A MONARCH in an electric wheelchair wearing a Burger King cardboard crown. The Wars of the Roses fought with pikes and pepper spray, swords and perspex riot shields. Bodies dumped in a wheelie bin, royal ladies in Doc Martens.
The arrestingly hybrid style of The Tragedy of Richard III, which opened at the Lyric on Wednesday night, is hardly the first time a production of a Shakespeare tragedy has swapped or traded lavish costumes and exaggerated courtliness for gritty modernism and urban argot, but it’s triumphant confirmation that the Bard’s eternal themes can be given added zest and relevance when yanked from their castellated comfort zone.
Michael Patrick takes the lead role of the savagely ambitious would-be king, embittered and enraged in equal measure by his disability, traditionally manifested in the malignant cliché of withered arm, hunchback and ostentatious limp, but here represented simply by Patrick’s wheelchair. It’s a much more common and altogether less melodramatic symbol of disability, but its very familiarity allows us to see better the emotional carnage behind the physical facade. It’s an opening that Patrick grabs with both hands, particularly in the final scene.
To describe the set as spare would be to seriously underplay its eyebrow-raising simplicity. A roughly painted plywood tower with deliberately visible supports and wheels; a large set of wooden of steps. And that’s it. Oh, apart from a blink-and-you-miss-it, rapidly-deflated bouncy castle in the opening scene.
While the tower simply looms hulkingly over the action, blocking light and allowing it in according to mood, the steps are a theatrical Swiss Army knife: Now a seat, now a bed, now a table, now a gallows – now even... a set of steps. Around these, the players rolled out Shakespeare’s brutal and poignant family drama, perhaps slowly and a touch uncertainly at first, but building in confidence and pace until they dragged us by the scruff with them into the middle of the climactic and magnificently stylised battle scene.
The ensemble delivers a deeply satisfying mélange of drama, comedy and tragedy as around Richard the plotting and counter-plotting of the York and Lancaster camps play out – at times traditionally formal, at times camply pantomimic, but always engaging.

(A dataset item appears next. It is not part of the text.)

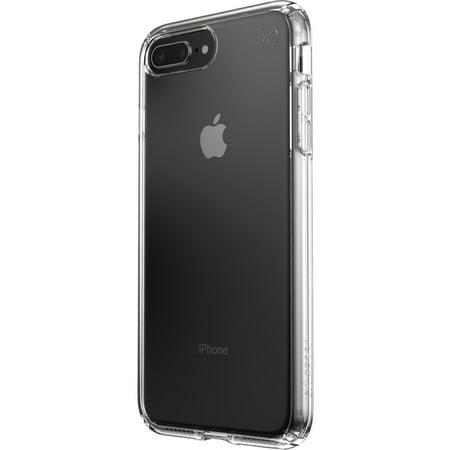 Speck - Presidio Perfect-Clear Hard shell Case for iPhone 8/7 Plus - Clear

Special mentions to Paula Clarke as the sign-language serial killer Tyrrell, who veers dizzyingly between low comedy and dark menace to keep us constantly off balance; Ciaran O’Brien, who grabs us by the lapels with his Clarence – an ever-intriguing portmanteau of Will o’ the Wisp and manacled, pitiful victim; and Charlotte McCurry, who manages the not inconsiderable task of investing one woman with a bewildering range of characteristics on a spectrum which arcs from strong-minded to vulnerable. (Declaration: Charlotte’s my niece. But did I tell you she’s wonderful?)
Director Oisín Kearney has taken a technically difficult work and laid it out in an accessible, entertaining and affecting form, managing at the same to platform disabled players and themes without a trace of tokenism. The sense of drama and doom is built carefully and skilfully, crescendoing thrillingly with the considerable aid of an ambitious reliance on fairly heavy percussion, which proved in the end an adept choice.
A standing ovation and a double curtain call from a packed theatre was the Belfast verdict on this sumptuous order of Burger King Richard.